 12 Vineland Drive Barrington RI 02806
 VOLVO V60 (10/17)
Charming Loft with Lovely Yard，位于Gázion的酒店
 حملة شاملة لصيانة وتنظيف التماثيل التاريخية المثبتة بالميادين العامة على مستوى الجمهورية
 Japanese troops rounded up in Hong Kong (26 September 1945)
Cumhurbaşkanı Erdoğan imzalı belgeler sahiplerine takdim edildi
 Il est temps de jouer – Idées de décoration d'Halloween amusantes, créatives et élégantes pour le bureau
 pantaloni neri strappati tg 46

########################################

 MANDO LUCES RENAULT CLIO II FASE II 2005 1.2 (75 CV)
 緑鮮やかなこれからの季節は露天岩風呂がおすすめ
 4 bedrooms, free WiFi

########################################

Directions. With the line holding "Japanese troops rounded" as the first and the line holding "pantaloni neri strappati tg 46" as the last, please transcribe exactly the lines of the material above in that range and nothing else.

Result.
 Japanese troops rounded up in Hong Kong (26 September 1945)
Cumhurbaşkanı Erdoğan imzalı belgeler sahiplerine takdim edildi
 Il est temps de jouer – Idées de décoration d'Halloween amusantes, créatives et élégantes pour le bureau
 pantaloni neri strappati tg 46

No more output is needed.